前世のワニ狩りの楽しい思い出。ネコのニェネントとの暮らし。

『ラヴィ・ド・ボエーム』(1992) アンリ・ミュルジェール:原作 アキ・カウリスマキ:脚本・監督

 このアンリ・ミュルジェールという作家による映画原作は『ボヘミアン生活の情景』というタイトルで、プッチーニの有名なオペラ『ラ・ボエーム』の原作なわけなのだが、何でもカウリスマキ監督は「プッチーニはアンリ・ミュルジェールの原作を台無しにしてしまった」と考え、自分の手で映画化することは長年の念願だったらしい。しかしわたしは『ラ・ボエーム』のストーリーなどまるで知らない無粋な男だったので、この映画を観る上で「先入観」など何も抱かないで観ることができた。
 どうもプッチーニの『ラ・ボエーム』は詩人のロドルフォとお針子のミミとの「悲恋」をメインに描かれていたそうなのだが、このカウリスマキ版ではロドルフォは画家で、あのマッティ・ペロンパーが演じている。

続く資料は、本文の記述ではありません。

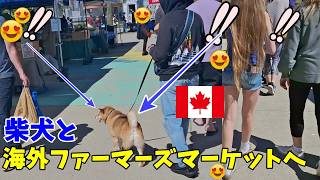 【海外愛され柴犬】海外で大人気! 柴犬をカナダのファーマーズマーケットへ連れて歩くと反応がおもしろすぎ♪【海外の反応】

 舞台はパリで、3人の売れない芸術家の、ユーモアを交えて描かれるボヘミアン生活と、その悲恋の物語。モノクロ映画でパリでも古い街並みを舞台として、古いシャンソンっぽい音楽も流れるから(ダミアとかの歌が使われていたようだ)、せいぜい1950年代あたりの設定かと思っていたのだが、映画が進行して「第二部」かのように「春」のクレジットが出て時間が進んだとき、急にガラス張りのモダンな建物が写されてちょっと驚かされる。まるで一気に何十年もの時が流れたのかのようでもあったが、いやいやこの映画、さいしょっから「現代」を舞台にしていたのだろうか。とにかく、この「春」のクレジットのあと、急激に時代が進んだようにみえる演出は、逆にこの物語の時代を越えた「普遍性」をあらわしているようではある。
 その「普遍性」とはつまり、「売れない芸術家」の食うにも困る生活のことでもあり、そういうところからは「芸術性」と「経済性」との軋轢のことになるだろうが、しかしこの映画に登場する3人の売れない「芸術家」らは、その「芸術性」においてもギャグをかましているというか。
 戯曲家のマルセルは冒頭では自分の書いた戯曲の売り込みに夢中なのだが、彼の戯曲は全21幕もあるわけで、上演可能とも思えない。作曲家のショナールは後半に彼の作曲したピアノ曲を披露してくれるが、これがアヴァンギャルドというか、ピアノをひっぱたいたり頭突きしたり、果てはサイレン音まで取り入れているわけで、これを「ダダイズム音楽」とするなら歴史に残るかもしれない。そして画家のロドルフォの作品についても、「押して測るべし」というところではあった(「いや、けっこう良かったよ」という見方もあると思うが)。まあ「時の運」というのか、3人のアーティストも急に売れてしまった、という時期もあったのだが、彼らのボヘミアンらしい放縦な生活ぶりも描かれる(3人それぞれが彼女を連れての、公園でのピクニックがいい)。

 ただカウリスマキはそういうアーティストらを「才能のない芸術家」とあざ笑うのではなく、「経済的に成り立たない芸術活動」というものの悲喜劇を描いてるのであって、そんな中でロドルフォとミミとの悲恋が際立つ。ロドルフォとミミとの会話も、
「仕事はやめろ 僕が絵を売って食わせるよ」
「じゃあ 私はなにを?」
「犬の散歩 それに掃除や家事も」
「こきつかうのね」
「いや 掃除は僕がする 君は窓から公園を見てればいい」
などという調子であった。これをマッティ・ペロンパーが、あの武骨でぶっきらぼうな感じで演じるのだ。すばらしい。

 ミミが「不治の病」で入院したとき、ロドルフォとミミを助けるためにマルセルは自分の蔵書(バルザックの初版本も持っていたはず)を売り、ショナールも愛車を手放しもして、その友情に泣かされる。
 自由気ままに生きるボヘミアン・アーティストらも、目の前に経済問題が持ち上がればつらくて悲しい思いもする。そんなつらさ、悲しさの描かれた映画だった。
 ラスト、犬のボードレールを連れて失意のうちに歩いて行くロドルフォの絵にかぶさって、日本語の「雪の降る町を」が流れる。わたしは日本人だから、その歌詞の意味も含めてあまりによく知った曲なのだけれども、これを海外の人はどう感じるのだろうかと思ったが、追体験することは不可能なのだ(この曲を歌っているのはフィンランドでレストランを経営する日本人で、カウリスマキが彼の歌を聴いて彼を誘い、録音して使ったのだということだ)。

 ロドルフォが飼う、「ボードレール」という名の犬(じっさいには「ライカ」という名らしい)も愛らしいが、カウリスマキの映画には犬がよく登場するのではないか。